Whatever comes before the line containing "画像6: One point" stays out; transcribe that line and all that follow to the end of the records exactly, with no pictures.

Captioned web images:
——

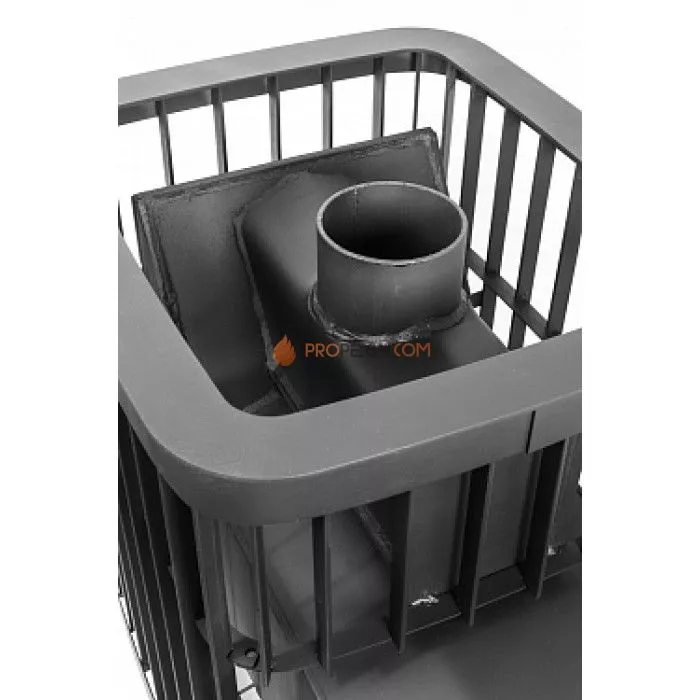 Дровяная печь для бани Варвара Каменка Мини укороченная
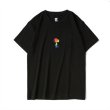 画像6: One point Rainbow SnoopyT-shirt　ユニセックス 男女兼用 ワンポイントレインボースヌーピープリントTシャツ (6)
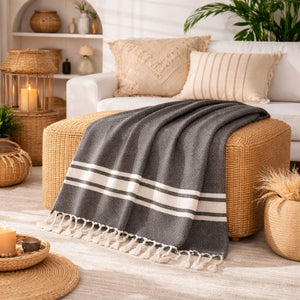 colcha marrakech 185 gris contexto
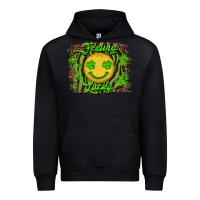 Black Feeling Lucky Urban Hoodie - RanaPortraitStore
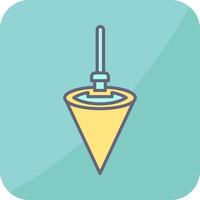 Plumb Bob Vector Icon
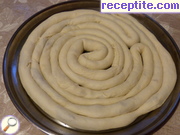 снимка 11 към рецепта Босненска баница с кайма (Bosanski burek sa mesom)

——

Result of the task:
 画像6: One point Rainbow SnoopyT-shirt　ユニセックス 男女兼用 ワンポイントレインボースヌーピープリントTシャツ (6)
 colcha marrakech 185 gris contexto
 Black Feeling Lucky Urban Hoodie - RanaPortraitStore
 Plumb Bob Vector Icon
 снимка 11 към рецепта Босненска баница с кайма (Bosanski burek sa mesom)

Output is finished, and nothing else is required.